----- Supplied material -----

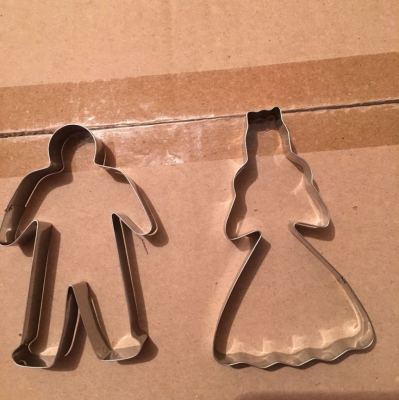The bride and groom stainless steel biscuits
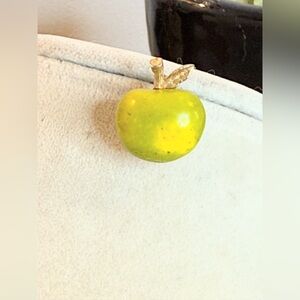 Vintage Green Apple Brooch Fruit Figural Gold Tone Retro Enamel Pin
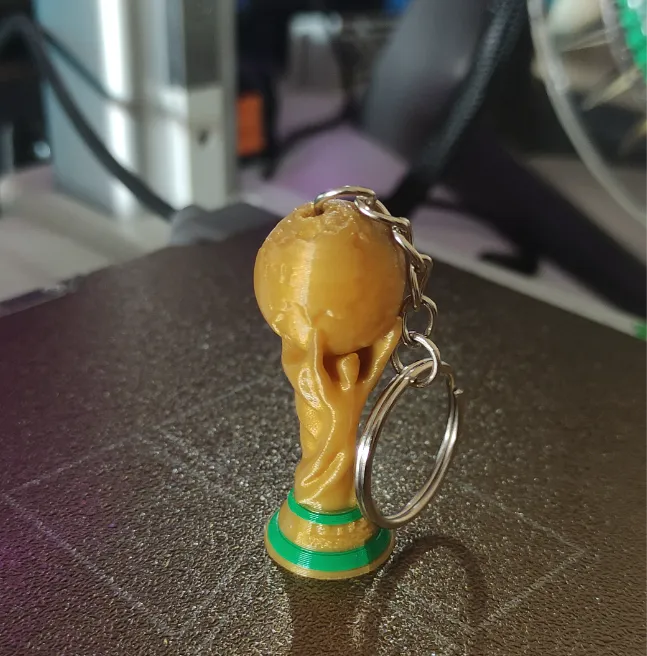 Altın Renkli Kupa Anahtarlık – 3D Baskılı Spor Aksesuarı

-----

(Task objective): If a picture falls within the lines from the one containing "Vintage Green Apple" through the end of the material, leave it out while repeating those lines exactly.

(Answer box):
 Vintage Green Apple Brooch Fruit Figural Gold Tone Retro Enamel Pin
 Altın Renkli Kupa Anahtarlık – 3D Baskılı Spor Aksesuarı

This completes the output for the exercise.